Retype the listing exactly, with no images.

......

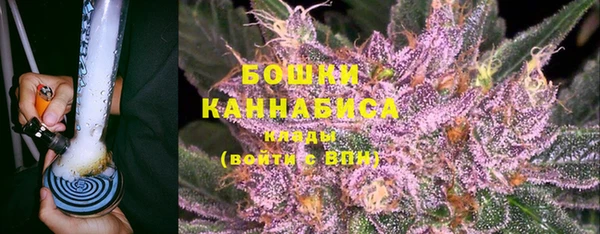 Альфа ПВП Верея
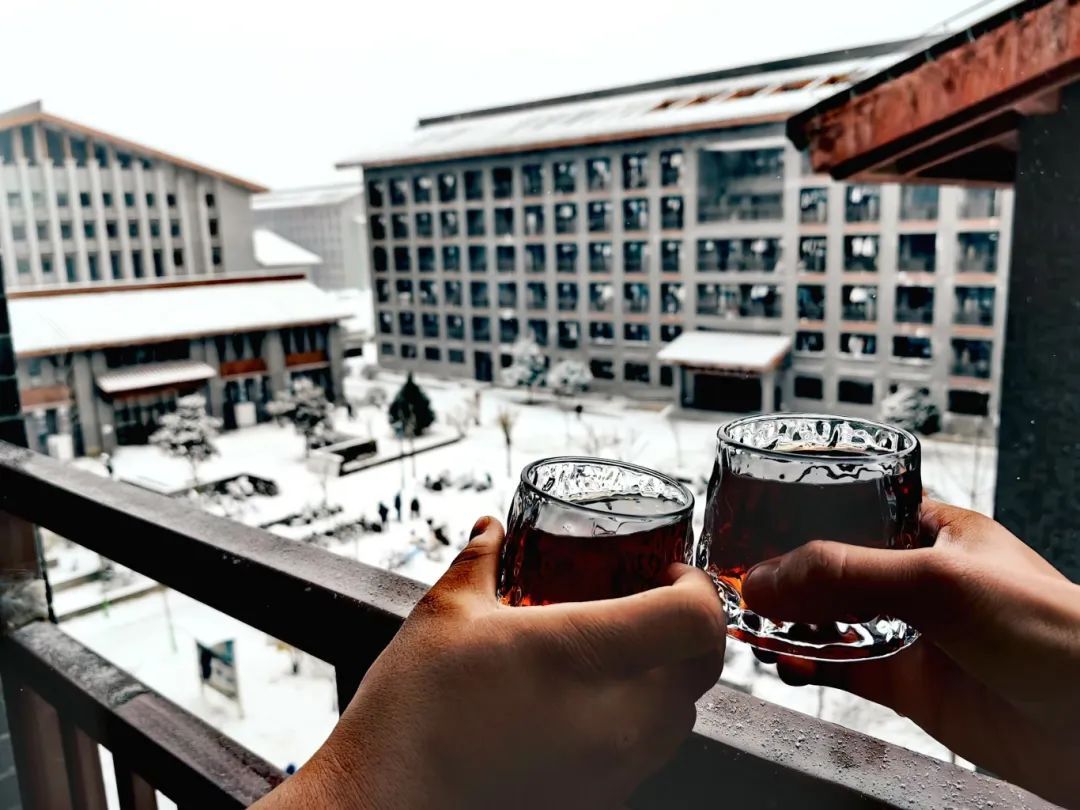 黄色小说网站大全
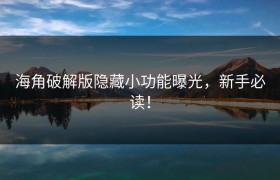 海角破解版隐藏小功能曝光，新手必读！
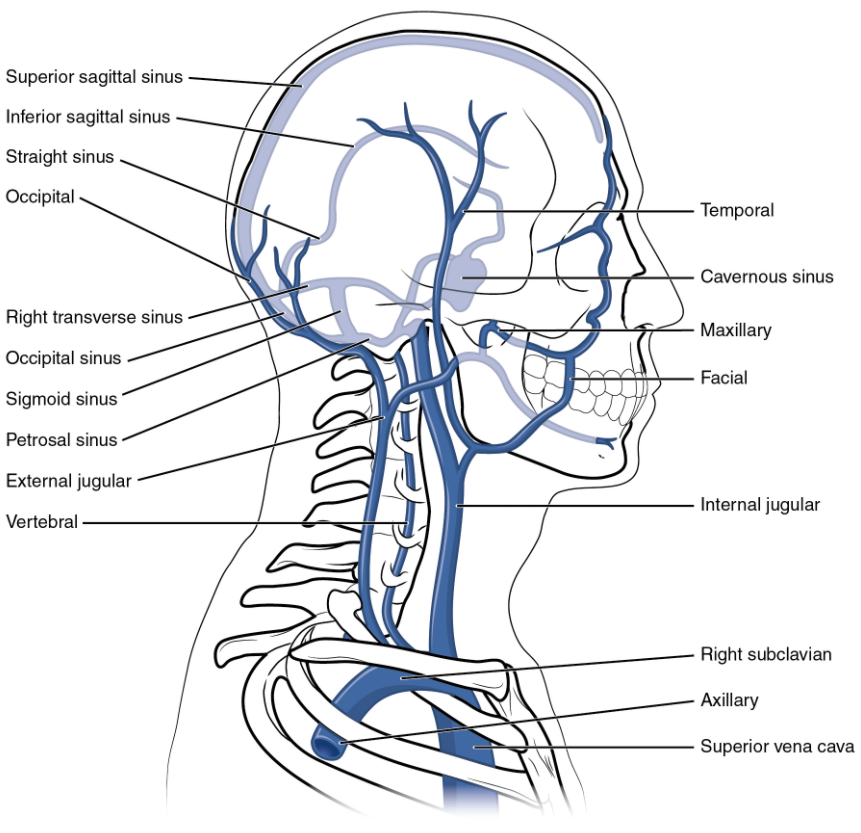 This left lateral view shows the veins of the head and neck, including the intercranial sinuses.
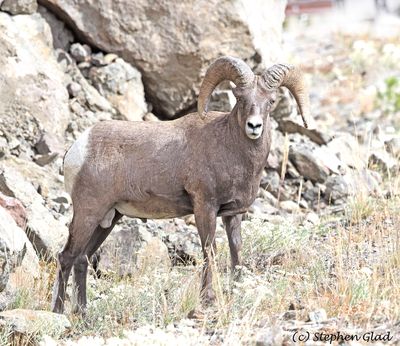 Big Horn Sheep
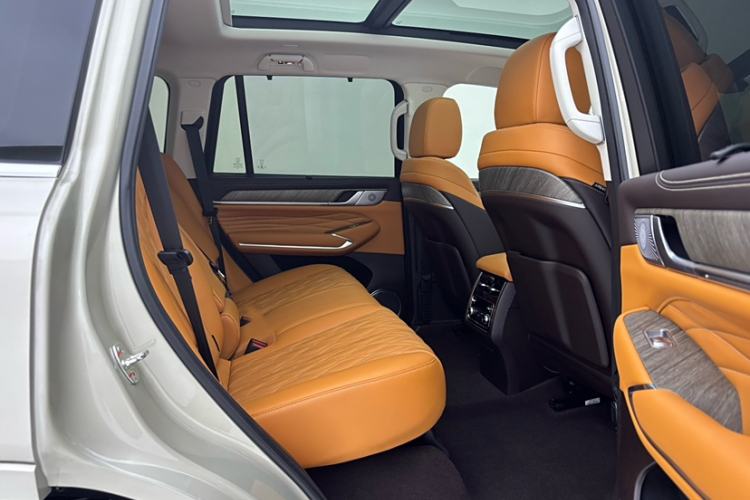 Used Tank 500 New Energy 2025 Hi4-Z
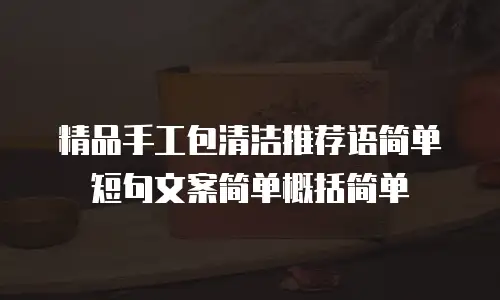 精品手工包清洁推荐语简单短句文案简单概括简单
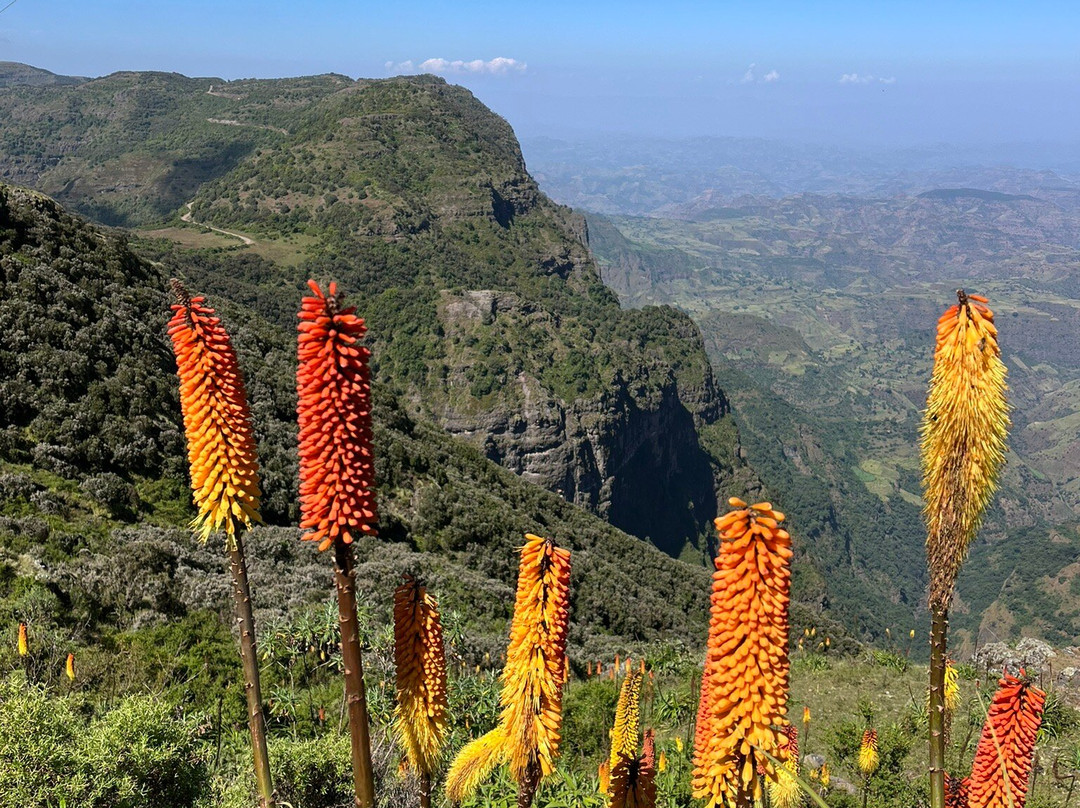 Simien Tops Eco-Trek景点图片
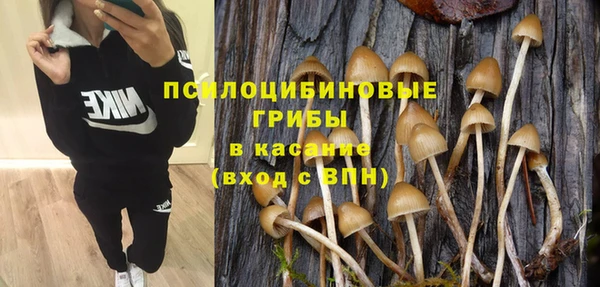 прущая мука Сатка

......

RESPONSE BOX:
 Альфа ПВП Верея
 黄色小说网站大全
 海角破解版隐藏小功能曝光，新手必读！
 This left lateral view shows the veins of the head and neck, including the intercranial sinuses.
 Big Horn Sheep
 Used Tank 500 New Energy 2025 Hi4-Z
 精品手工包清洁推荐语简单短句文案简单概括简单
 Simien Tops Eco-Trek景点图片
 прущая мука Сатка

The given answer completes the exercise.